Egypt and Jordan continue to cope with difficult security challenges of their own. The terror threat combined with the inherent threat of Iran’s growing presence creates an infrastructure that invites increased cooperation with Israel. An especially bold and deadly terror campaign by ISIS allied forces against a number of military targets simultaneously in Sinai (July 1, 2015) proved the force of the threat it presents against the Egyptian military, and even signaled the organization’s capacity to harm Israel. Egypt, which is fighting terror groups in Sinai, sees Hamas as an enemy that aids the terrorists in their fight against it. President al-Sisi has not hesitated to destroy vast built-up areas in order to create a security buffer on the Egypt-Gaza border, while fighting a bitter battle to destroy the smuggling and terror tunnels that run underneath. In early April of 2015, the U.S. cancelled its freeze on arms shipments to Egypt. The American strategic preference of promoting democracy and human rights in Egypt was pushed aside by the urgency of helping Egypt maintain stability, preventing alternative arms deals with Moscow, ensuring maritime freedom in the Suez Canal, and maintaining the peace treaty with Israel. Jordan as well, perhaps America’s closest ally in the fight against ISIS, is in dire need and receives American support (Jordan absorbed roughly a million Syrian refugees). The video showing ISIS burning a Jordanian air-force pilot alive (February 3, 2015) increased the internal pressure in Jordan to take revenge and bolstered Jordan’s centrality in the fight against ISIS.

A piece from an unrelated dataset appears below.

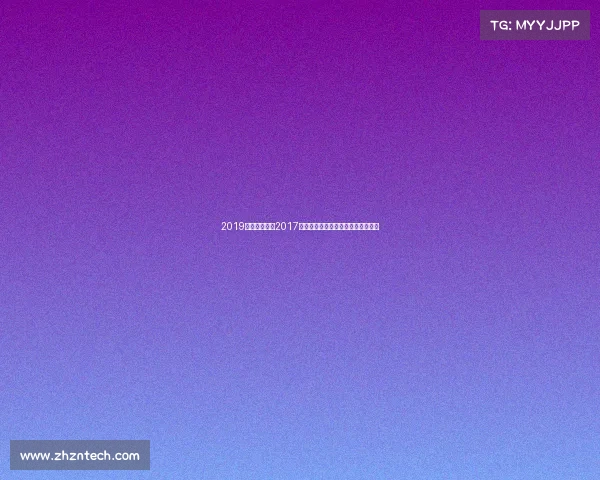 2019摩托车比赛、2017世界摩托巅峰对决:极速王者争霸战 2019摩托车比赛、2017世界摩托巅峰对决:极速王者争霸战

The harsh upheavals in the Middle East appear to demand the engagement and intervention of a stabilizing power. However the U.S. is not interested in deepening its involvement in the region, is not interested in sending (back) its soldiers to shed their blood in the Middle East, and prefers to “lead from behind.” Moreover, it doesn’t seem that the U.S. and Russia can, at this point, cooperate effectively in order to jointly bring about regional stability. Putin’s aggressive moves in Ukraine and the Western sanctions against Russia and Putin’s inner circle, do not facilitate the necessary infrastructure for cooperation, but rather enhance competition and conflict. Therefore, Russia’s announcement (April 13, 2015) that it will thaw the long frozen deal to sell the advanced S-300 surface to air missile system to Iran exemplifies of the current gloomy state of affairs.